Besides the user-friendly structure and the multiple forms of communication that FB substitutes for, there is also the fact that FB already has a defined community. When someone starts a new blog, people have to subscribe and follow it. This contrasts to FB, where people are already members and simply have to visit the FB page to post. This ability for anybody on the FB community to easily become connected to a FB page naturally creates a larger community than that of blogs. To read more about community building and why it is important you can read the group article, Community Building. These three reasons (user-friendly structure, multiple forms of communication all in one place, and an established community) are all forms of rhetoric that can be used effectively (with FB) or less effecitively (as with blogs).

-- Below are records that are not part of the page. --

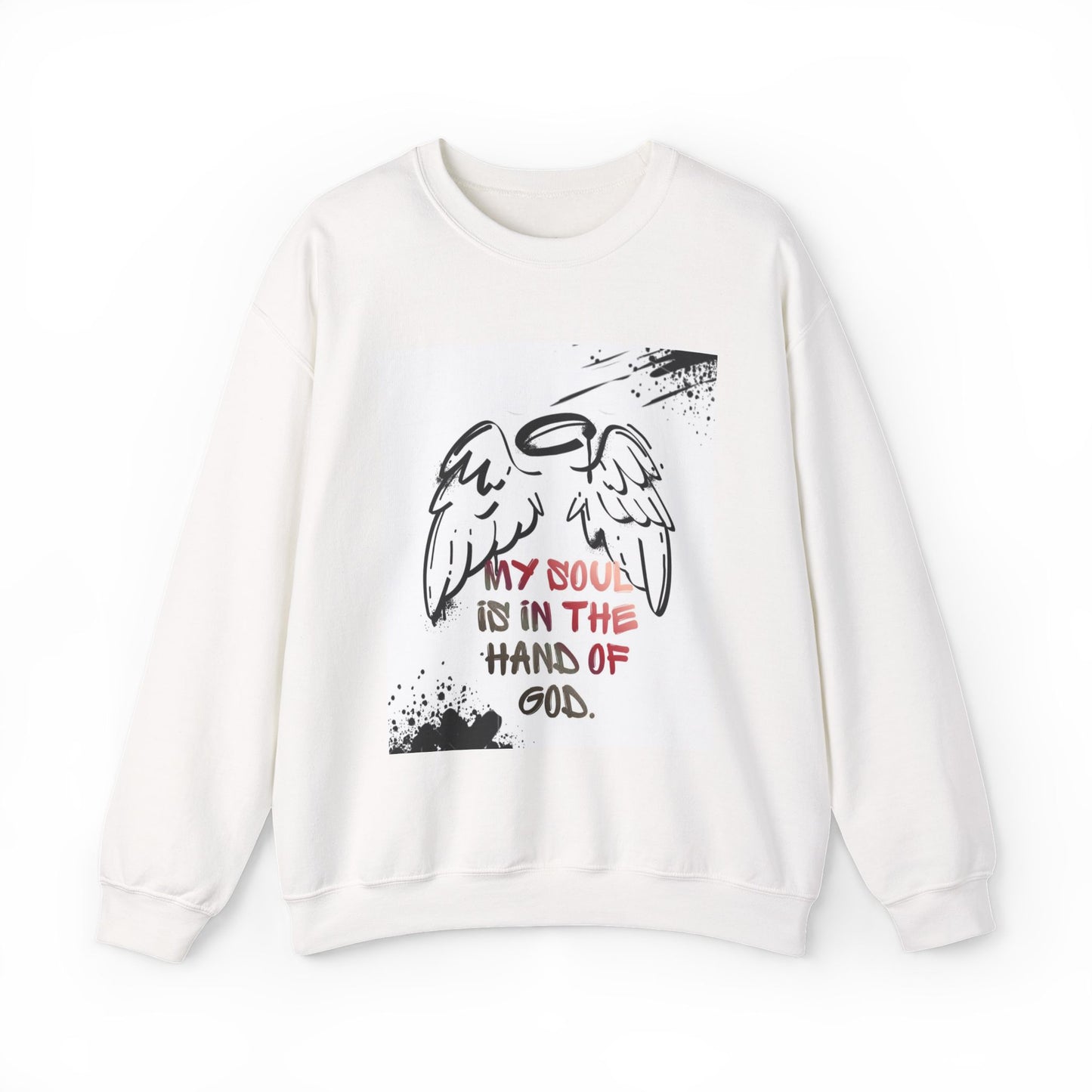 Christian Crewneck Sweatshirt — "My Soul Is In The Hand Of God" Angel Wings Graphic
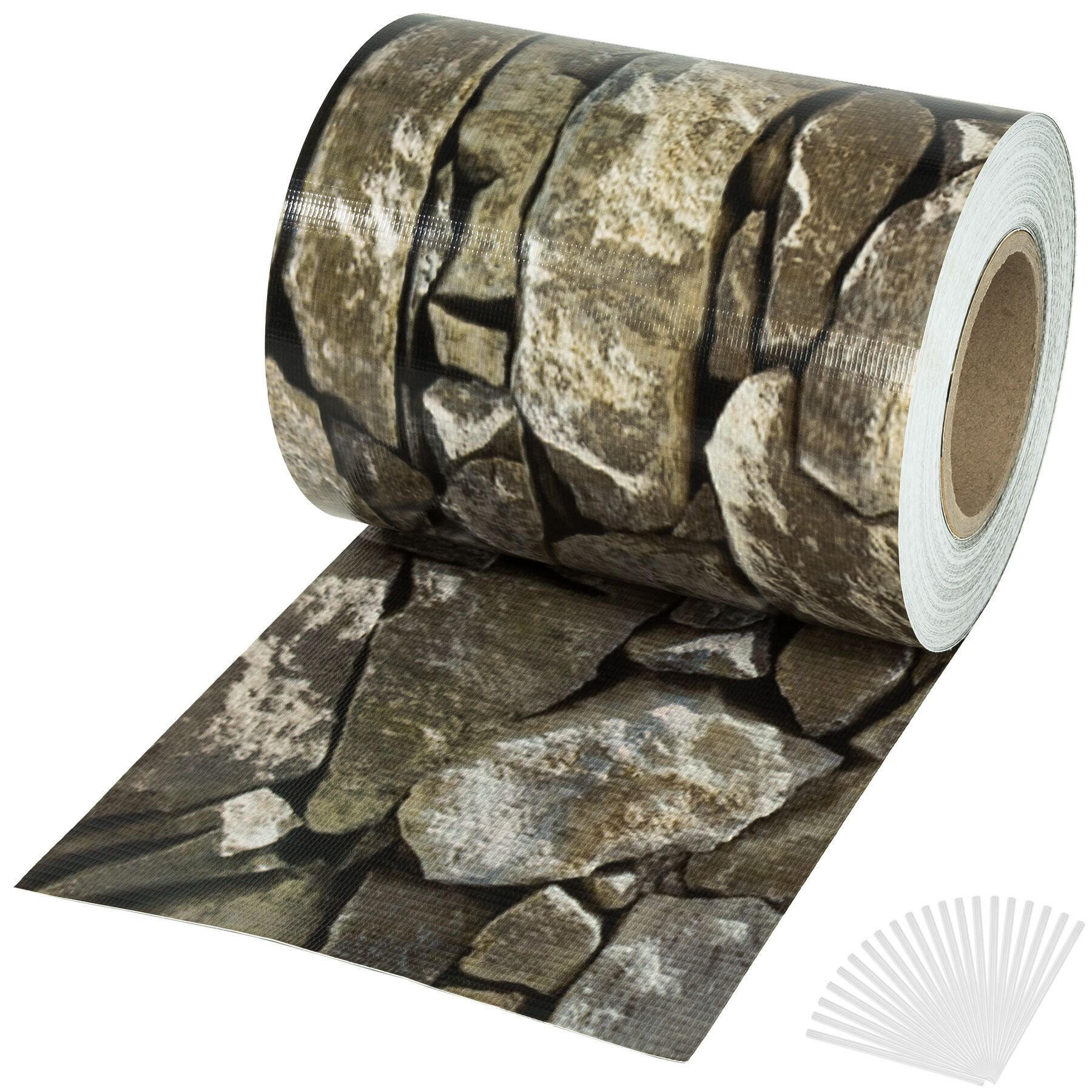 SICHTSCHUTZSTREIFEN ,leichte Montage, inklusive Befestigungsclips,stein-optik - Pinienfarben, Kunststoff (3500/19cm) - tectake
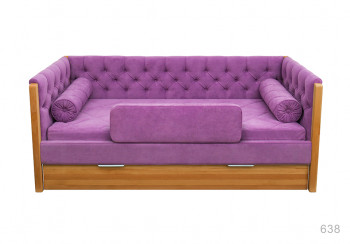 Кровать 180 серии Леди + ящик 32 Фиолетовый (мягкий бортик/подушка валик) в Большой Мурте - bolshaya-murta.mebel54.com | фото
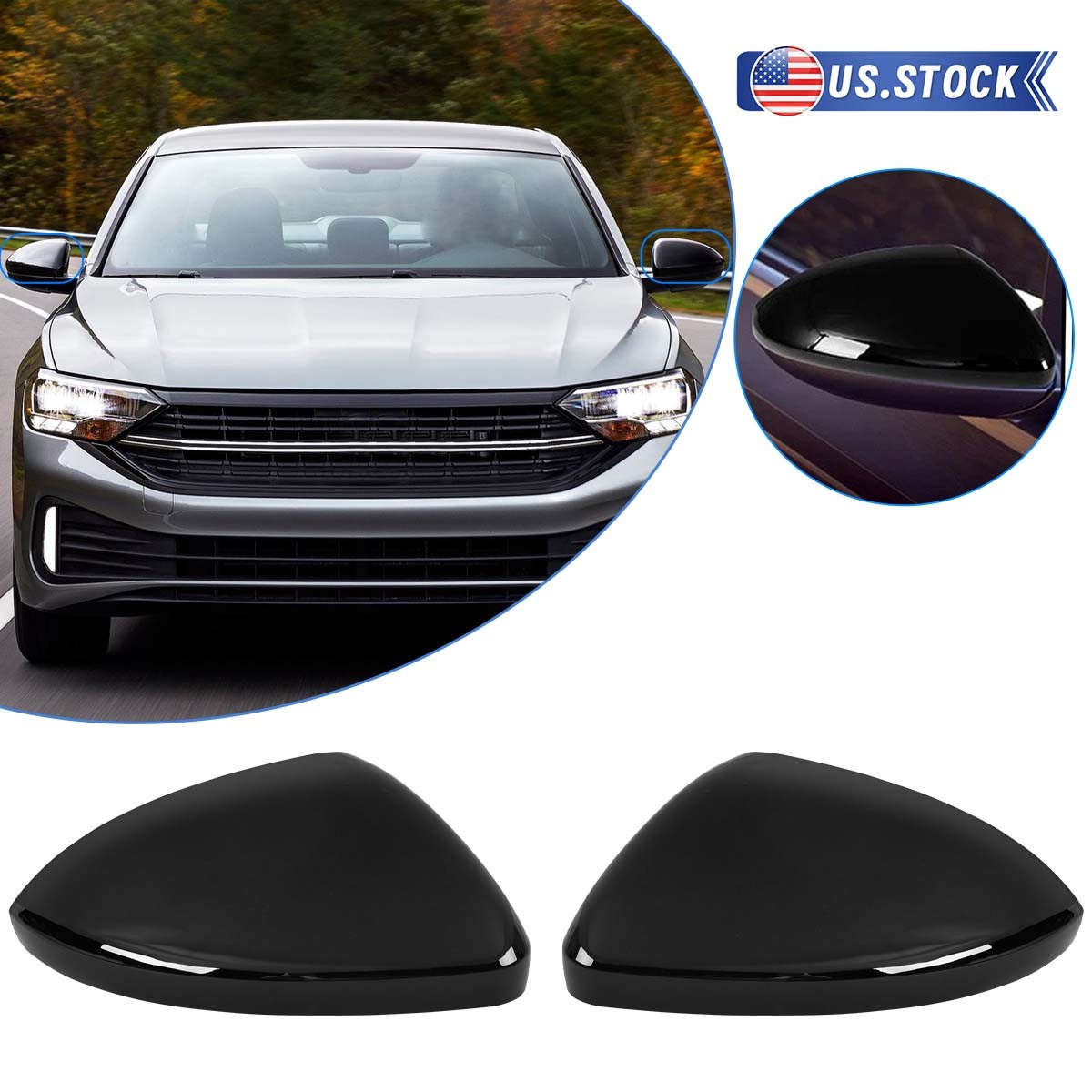 Side Mirror Cover Caps Left+Right Gloss Black For VW Jetta 2019-2025 W/O Signal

Conclusion: Facebook and Idioms of practice

Ilana Gershon defines idioms of practice as the process of people, “figure[ing] out together how to use different media and often agree[ing] on the appropriate social uses of technology by asking advice and sharing stories with each other” (6). She further defines idioms of practices saying, “Groups of friends, classes, workers in an office will develop together their own ways of using media to communicate with each other” (39). From studying these few examples of blogs vs. FB pages, it seems clear that the majority of fan groups and businesses have collectively decided to use FB as a means of communicating. This use of FB as a primary form of communication for large groups of people with similar interests has become an idiom of practice. FB boasts many reasons why groups should prefer their site over blogs, and this has led the majority to FB. However, there are still those who hold to a different idiom of practice- communication with other forms of technology, like blogs. This minority is getting left behind, probably frustrated with the few and far between blog posts, lack of comments, and slow answer from online business (like with my email to Chocomize). In the choice between the genres of FB and blogging, FB is winning, but that does not mean that there are not people with differing idioms of practice who prefer blogs. As technology changes, perhaps another genre will appear that features a more user-friendly site than FB, with more communication options all in one place, and someone will be writing a paper about the minority of people with idioms of practice that lead them to use FB. Until then, FB is king of the digital genres because of its ability to attract customers by using rhetoric through structure set-up, multiple forms of communication, and a stable community.


Gershon, Ilana. The Breakup 2.0: Disconnecting over New Media. Cornell UP, 2010. Print.
Kim, Jae and Jiho Choi and Wililam Qualls and Kyesook Han. "It takes a marketplace community to raise brand commitment: the role of online communities." Journal of Marketing Management 24.3 (2008): 409-431.